We address a new set of time-optimal coverage problems in the area of networked robotic systems, where a fleet of mobile robots must execute a set of inspection tasks in a constricted operational environment. The robots are separated from each other by adhering to a zoning policy, and furthermore, they must maintain a multi-hop wireless communication network connecting them with each other and with a command and control center that supervises the entire operation. These requirements give rise to resource allocation structures and traffic dynamics that transcend the state of the art of the corresponding theory and challenge our current understandings and insights for these dynamics and their effective management. We provide a systematic introduction of the considered problems and of the elements that differentiate them from similar task allocations and traffic scheduling problems already studied in the literature. The presented developments and the results for the considered problems are organized into three main stages.

The first stage (Chapters 2 - 4) addresses the special cases of the considered problems where the robot fleets are homogeneous in terms of their operational capabilities and they operate in tree-structured guidepath networks. More specifically, in Chapter 2, we provide a complete characterization of these special problem versions in the form of mathematical programming (MP) formulations, and a formal analysis of their worst-case computational complexity. In Chapter 3, we establish some structural results for these problem versions that are useful for the strengthening of the aforementioned MP formulations. Furthermore, we introduce strong combinatorial relaxations of the aforementioned MP formulations for the considered problem versions and an efficient post-processing algorithm that constructs an optimal solution for the original formulation from an optimal solution of these relaxations. In Chapter 4, we employ the insights and the results of the previous chapters towards the development of an efficient heuristic algorithm for addressing larger problem instances.

In the second stage (Chapters 5 and 6), we extend our investigation to the more general cases of the considered problems where the underlying guidepath networks have arbitrary topologies. In Chapter 5, we provide a detailed characterization of the considered MMRS operations and the ensuing traffic management problems in this new setting, and formulate these new problems as integer programs (IPs). Furthermore, we establish that it is possible to relax the integrality requirement for a large subset of the decision variables in these IPs without compromising the feasibility and the optimality of the obtained solutions. In Chapter 6, we develop a heuristic algorithm for the general problem versions. The development of the heuristic capitalizes on the insights and the results for the special versions in the first stage: the heuristic (i) constructs systematically a pertinently selected subtree that is rooted at the command and control center and contains all target locations, and then (ii) solves the induced restriction by adapting the computation procedures of the heuristic for the special problem versions in Chapter 4. This approach enables the computation of good-quality solutions for large-scale problem instances that remain intractable for the relaxations developed in Chapter 5.

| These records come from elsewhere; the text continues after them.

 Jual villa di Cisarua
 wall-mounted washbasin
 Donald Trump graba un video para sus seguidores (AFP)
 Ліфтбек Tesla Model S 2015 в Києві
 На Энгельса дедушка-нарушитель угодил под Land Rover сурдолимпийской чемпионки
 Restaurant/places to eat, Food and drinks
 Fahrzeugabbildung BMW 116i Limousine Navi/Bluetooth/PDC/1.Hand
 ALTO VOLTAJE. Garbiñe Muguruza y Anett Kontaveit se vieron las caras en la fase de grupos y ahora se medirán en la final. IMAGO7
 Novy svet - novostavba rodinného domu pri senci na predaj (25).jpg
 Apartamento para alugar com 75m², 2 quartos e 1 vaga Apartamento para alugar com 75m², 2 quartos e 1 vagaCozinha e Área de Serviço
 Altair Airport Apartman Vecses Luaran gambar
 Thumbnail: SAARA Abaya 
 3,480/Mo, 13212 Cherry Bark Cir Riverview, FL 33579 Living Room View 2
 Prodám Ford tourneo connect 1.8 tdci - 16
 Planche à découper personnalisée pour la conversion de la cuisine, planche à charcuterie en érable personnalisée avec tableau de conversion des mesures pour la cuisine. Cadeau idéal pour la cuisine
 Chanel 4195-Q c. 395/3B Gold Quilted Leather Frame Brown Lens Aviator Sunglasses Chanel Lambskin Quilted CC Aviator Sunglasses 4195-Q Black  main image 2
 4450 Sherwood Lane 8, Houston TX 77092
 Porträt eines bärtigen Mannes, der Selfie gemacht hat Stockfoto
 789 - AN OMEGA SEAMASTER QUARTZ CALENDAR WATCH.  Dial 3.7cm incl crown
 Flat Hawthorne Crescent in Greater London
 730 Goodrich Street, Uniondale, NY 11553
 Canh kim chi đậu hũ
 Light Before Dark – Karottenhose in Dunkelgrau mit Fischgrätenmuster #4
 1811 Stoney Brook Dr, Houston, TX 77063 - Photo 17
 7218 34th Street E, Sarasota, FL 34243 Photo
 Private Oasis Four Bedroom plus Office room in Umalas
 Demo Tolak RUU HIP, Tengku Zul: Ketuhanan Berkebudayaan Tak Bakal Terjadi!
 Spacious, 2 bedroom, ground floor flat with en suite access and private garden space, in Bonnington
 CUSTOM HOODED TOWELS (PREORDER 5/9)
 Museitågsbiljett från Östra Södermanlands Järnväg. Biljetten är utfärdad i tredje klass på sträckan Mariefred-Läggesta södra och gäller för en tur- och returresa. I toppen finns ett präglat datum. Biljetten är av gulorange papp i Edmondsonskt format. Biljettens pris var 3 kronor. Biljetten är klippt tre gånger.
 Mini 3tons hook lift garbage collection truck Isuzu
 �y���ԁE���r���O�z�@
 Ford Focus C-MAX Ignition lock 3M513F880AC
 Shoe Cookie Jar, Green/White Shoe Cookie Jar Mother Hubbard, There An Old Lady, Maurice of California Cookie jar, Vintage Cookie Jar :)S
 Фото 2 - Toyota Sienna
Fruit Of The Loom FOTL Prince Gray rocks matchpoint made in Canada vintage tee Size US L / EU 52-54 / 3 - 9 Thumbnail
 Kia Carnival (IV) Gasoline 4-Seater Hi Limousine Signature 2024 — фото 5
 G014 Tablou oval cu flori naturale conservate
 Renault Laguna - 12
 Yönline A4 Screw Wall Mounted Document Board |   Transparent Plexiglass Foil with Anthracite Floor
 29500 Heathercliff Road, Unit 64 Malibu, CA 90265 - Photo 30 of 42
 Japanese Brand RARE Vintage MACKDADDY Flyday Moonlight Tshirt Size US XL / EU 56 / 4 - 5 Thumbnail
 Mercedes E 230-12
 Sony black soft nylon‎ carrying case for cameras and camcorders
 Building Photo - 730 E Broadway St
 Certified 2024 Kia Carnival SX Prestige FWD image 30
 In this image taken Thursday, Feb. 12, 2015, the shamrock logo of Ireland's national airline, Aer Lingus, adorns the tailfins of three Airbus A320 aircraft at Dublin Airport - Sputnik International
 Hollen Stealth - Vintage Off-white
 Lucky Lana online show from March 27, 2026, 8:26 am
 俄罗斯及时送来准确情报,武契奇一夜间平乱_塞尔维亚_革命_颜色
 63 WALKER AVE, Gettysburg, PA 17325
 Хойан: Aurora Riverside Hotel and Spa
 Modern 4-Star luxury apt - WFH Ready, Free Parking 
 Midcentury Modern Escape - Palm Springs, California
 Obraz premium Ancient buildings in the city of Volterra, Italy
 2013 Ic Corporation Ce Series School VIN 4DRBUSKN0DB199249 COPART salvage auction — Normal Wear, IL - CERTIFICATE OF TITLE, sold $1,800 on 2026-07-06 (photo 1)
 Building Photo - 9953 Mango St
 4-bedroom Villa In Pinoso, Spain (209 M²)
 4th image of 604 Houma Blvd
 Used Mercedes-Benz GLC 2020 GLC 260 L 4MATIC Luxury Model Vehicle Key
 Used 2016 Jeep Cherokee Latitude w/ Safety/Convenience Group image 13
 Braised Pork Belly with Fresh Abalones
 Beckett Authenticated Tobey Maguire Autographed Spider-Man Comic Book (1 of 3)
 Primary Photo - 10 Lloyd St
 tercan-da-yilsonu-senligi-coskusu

In the third stage (Chapter 7), we address the problem versions where the robotic fleet is heterogeneous. In this setting, the tasks at the target locations must be executed by specific robot types equipped with the required capabilities. We provide a detailed characterization of the corresponding MMRS operations under heterogeneous robotic fleets, and the ensuing traffic-management problems. We formulate these problems as dynamic, integer multi-commodity flow problems. Furthermore, we develop strong combinatorial relaxations of the derived IP formulations that reduce the number of integer variables involved while maintaining the feasibility of the obtained solutions.